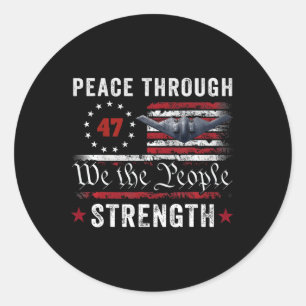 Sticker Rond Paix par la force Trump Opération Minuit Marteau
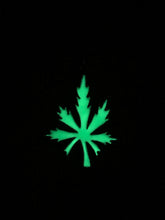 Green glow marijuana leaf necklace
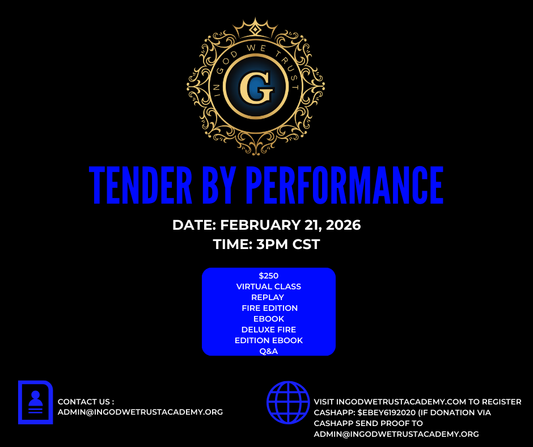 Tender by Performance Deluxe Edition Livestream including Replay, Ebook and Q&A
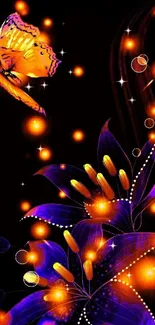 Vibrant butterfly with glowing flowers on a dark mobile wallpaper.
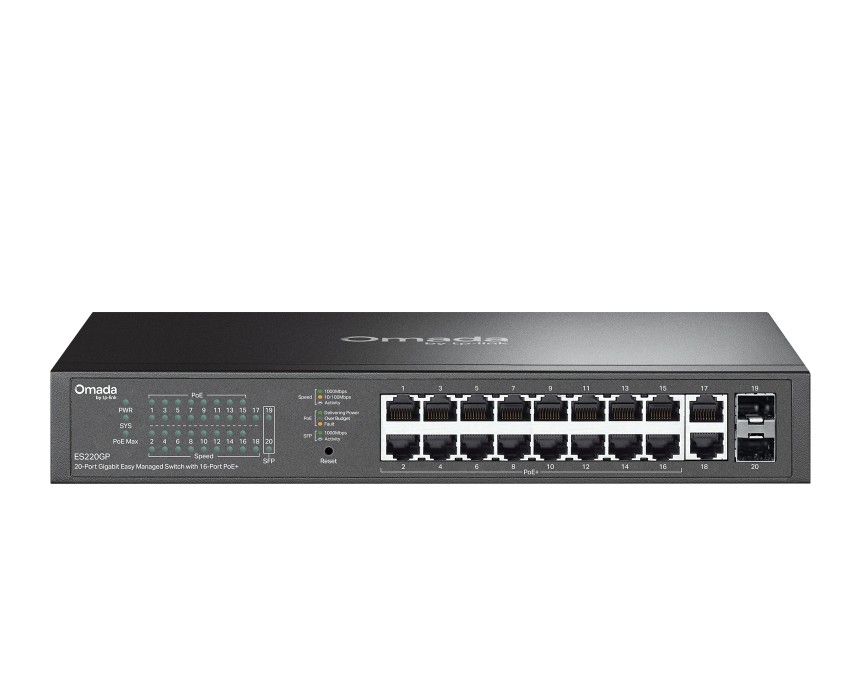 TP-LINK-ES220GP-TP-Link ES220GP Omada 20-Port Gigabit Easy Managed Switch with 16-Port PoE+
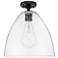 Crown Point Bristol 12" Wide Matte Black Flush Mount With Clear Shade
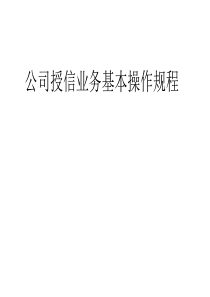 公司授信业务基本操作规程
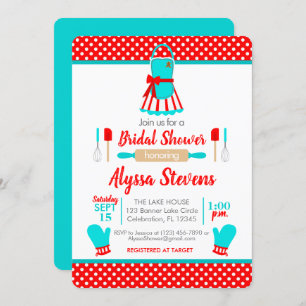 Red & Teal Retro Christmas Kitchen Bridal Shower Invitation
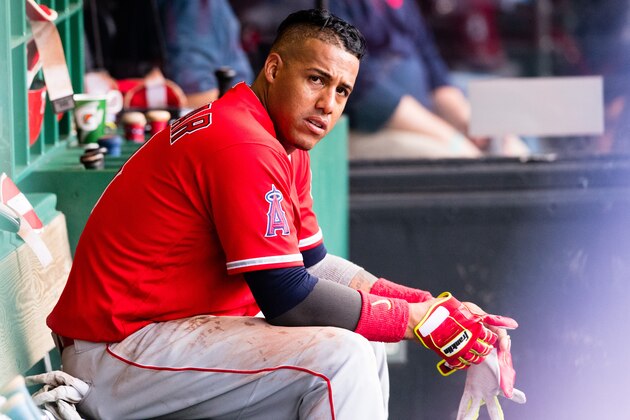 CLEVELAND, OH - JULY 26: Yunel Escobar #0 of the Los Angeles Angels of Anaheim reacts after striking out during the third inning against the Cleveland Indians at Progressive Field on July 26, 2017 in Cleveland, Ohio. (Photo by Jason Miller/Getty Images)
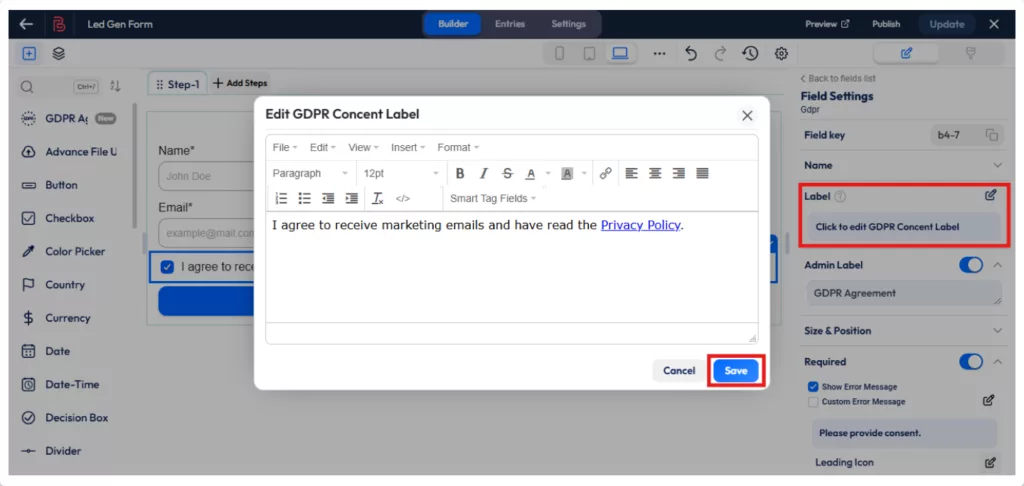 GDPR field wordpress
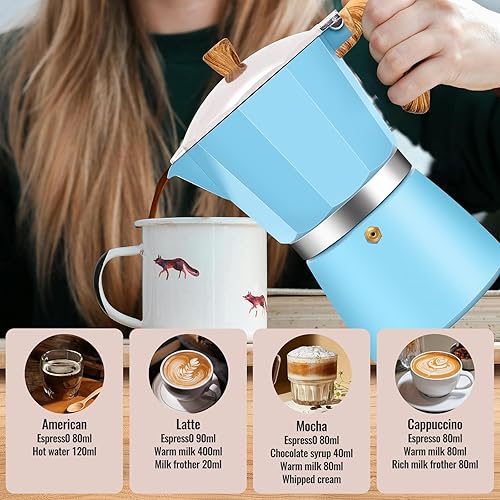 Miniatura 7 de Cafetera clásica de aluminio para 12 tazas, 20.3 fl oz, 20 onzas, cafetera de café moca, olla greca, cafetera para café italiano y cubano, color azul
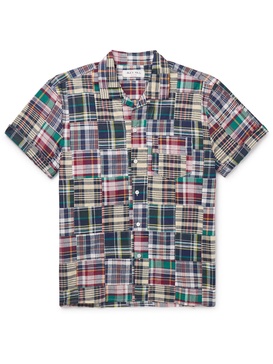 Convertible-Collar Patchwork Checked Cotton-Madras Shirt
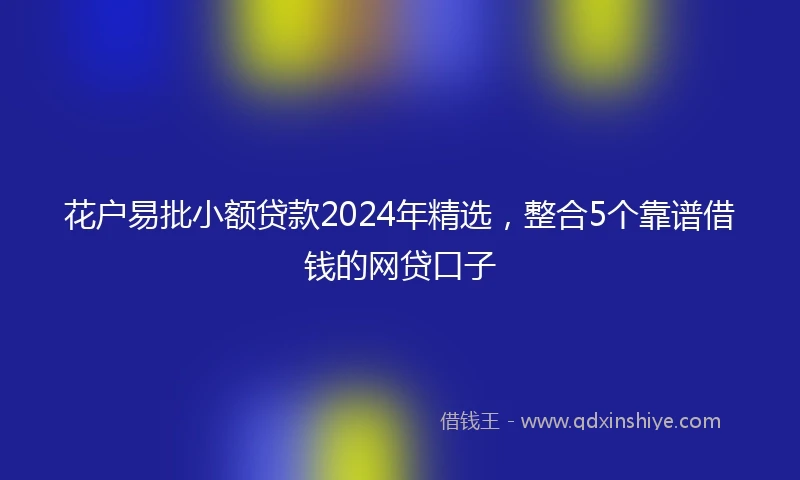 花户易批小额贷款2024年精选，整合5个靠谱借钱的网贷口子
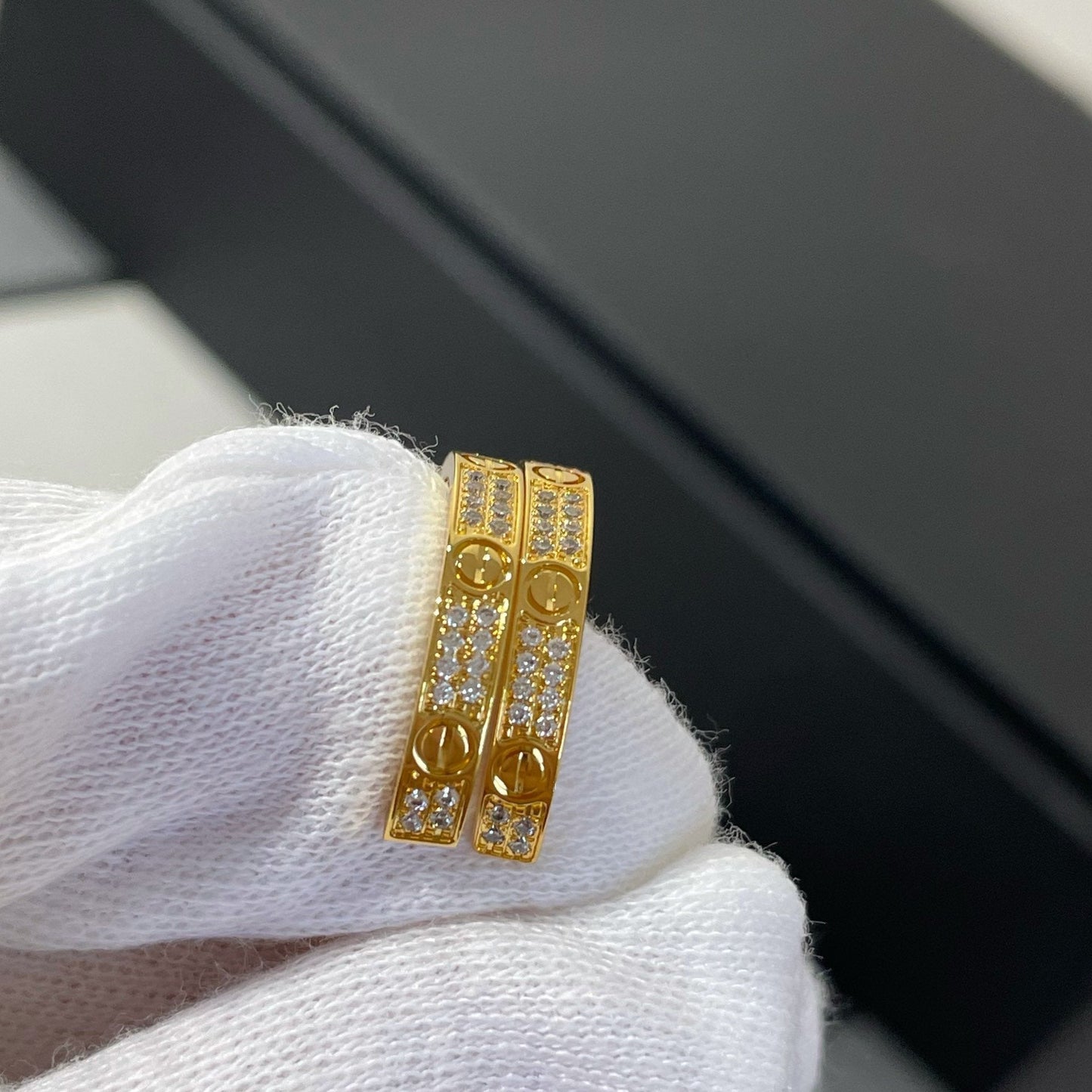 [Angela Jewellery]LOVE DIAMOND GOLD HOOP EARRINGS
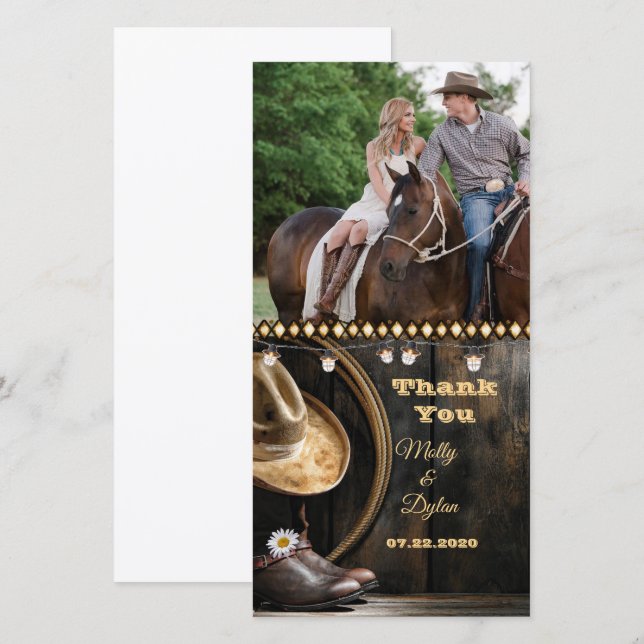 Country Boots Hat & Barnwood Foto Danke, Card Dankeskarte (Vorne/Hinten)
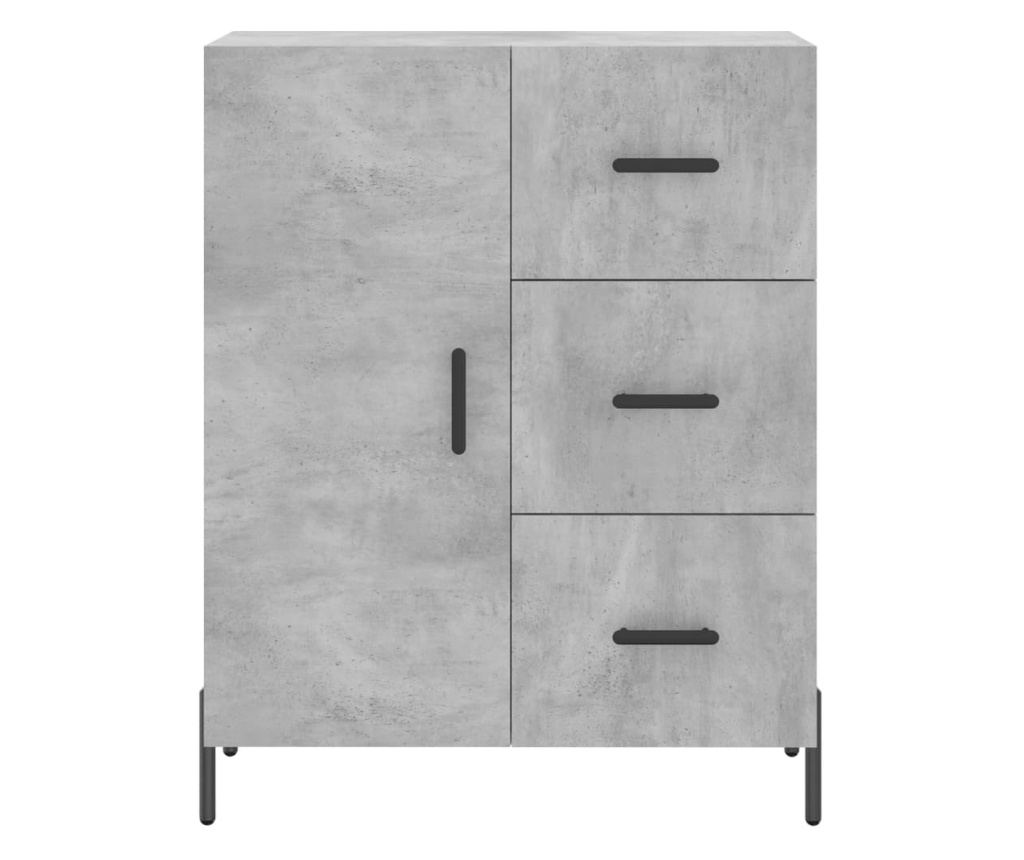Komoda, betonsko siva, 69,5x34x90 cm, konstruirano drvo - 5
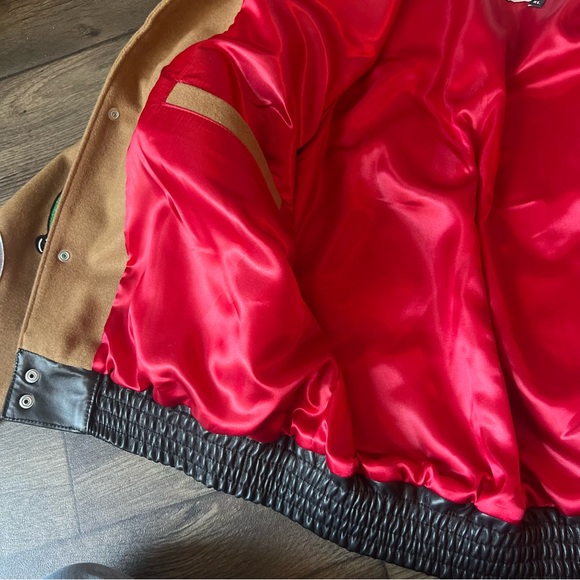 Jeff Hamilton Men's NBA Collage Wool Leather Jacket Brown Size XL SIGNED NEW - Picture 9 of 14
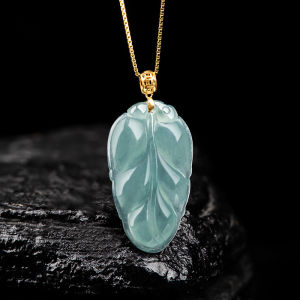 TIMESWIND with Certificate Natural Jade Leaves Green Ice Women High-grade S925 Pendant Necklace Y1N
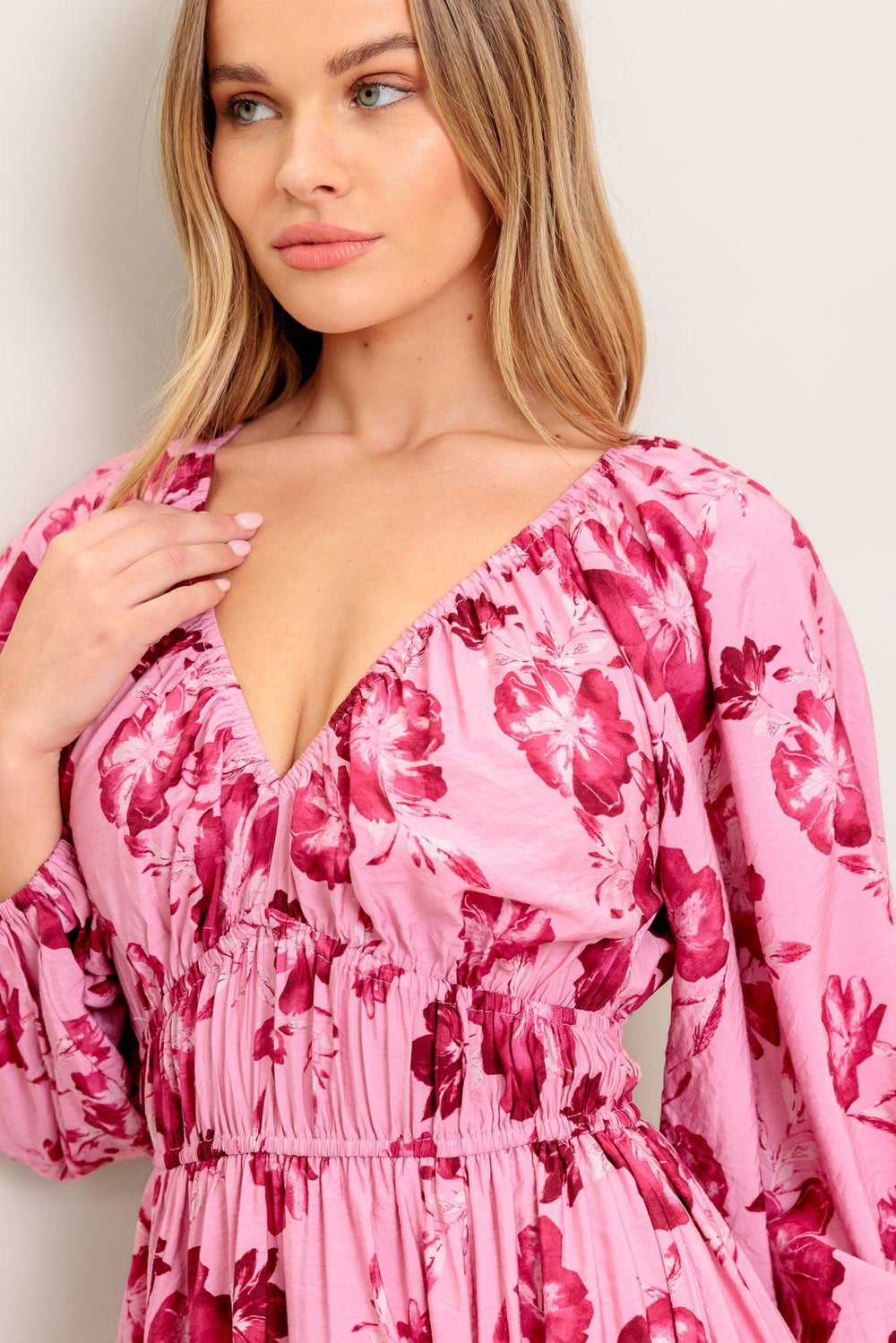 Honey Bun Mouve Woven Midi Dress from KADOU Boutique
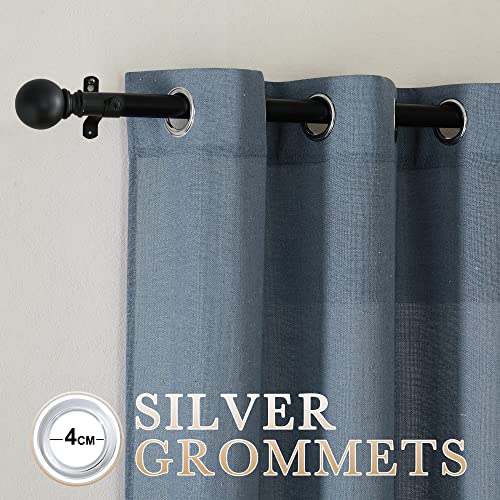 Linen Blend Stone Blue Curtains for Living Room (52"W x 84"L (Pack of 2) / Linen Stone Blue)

━━━━

What to produce
Your answer must be an exact copy of every entry, with the pictures left out.

Solution
 Sticker Rond Paix par la force Trump Opération Minuit Marteau
 Green glow marijuana leaf necklace
 Tender by Performance Deluxe Edition Livestream including Replay, Ebook and Q&A
 Vibrant butterfly with glowing flowers on a dark mobile wallpaper.
 TP-LINK-ES220GP-TP-Link ES220GP Omada 20-Port Gigabit Easy Managed Switch with 16-Port PoE+
 Crown Point Bristol 12" Wide Matte Black Flush Mount With Clear Shade
 公司授信业务基本操作规程
 Red & Teal Retro Christmas Kitchen Bridal Shower Invitation
 CLEVELAND, OH - JULY 26: Yunel Escobar #0 of the Los Angeles Angels of Anaheim reacts after striking out during the third inning against the Cleveland Indians at Progressive Field on July 26, 2017 in Cleveland, Ohio. (Photo by Jason Miller/Getty Images)
 GDPR field wordpress
 Miniatura 7 de Cafetera clásica de aluminio para 12 tazas, 20.3 fl oz, 20 onzas, cafetera de café moca, olla greca, cafetera para café italiano y cubano, color azul
 Convertible-Collar Patchwork Checked Cotton-Madras Shirt
 花户易批小额贷款2024年精选，整合5个靠谱借钱的网贷口子
 [Angela Jewellery]LOVE DIAMOND GOLD HOOP EARRINGS
 Country Boots Hat & Barnwood Foto Danke, Card Dankeskarte (Vorne/Hinten)
Komoda, betonsko siva, 69,5x34x90 cm, konstruirano drvo - 5
 Jeff Hamilton Men's NBA Collage Wool Leather Jacket Brown Size XL SIGNED NEW - Picture 9 of 14
 TIMESWIND with Certificate Natural Jade Leaves Green Ice Women High-grade S925 Pendant Necklace Y1N
 Honey Bun Mouve Woven Midi Dress from KADOU Boutique
 Linen Blend Stone Blue Curtains for Living Room (52"W x 84"L (Pack of 2) / Linen Stone Blue)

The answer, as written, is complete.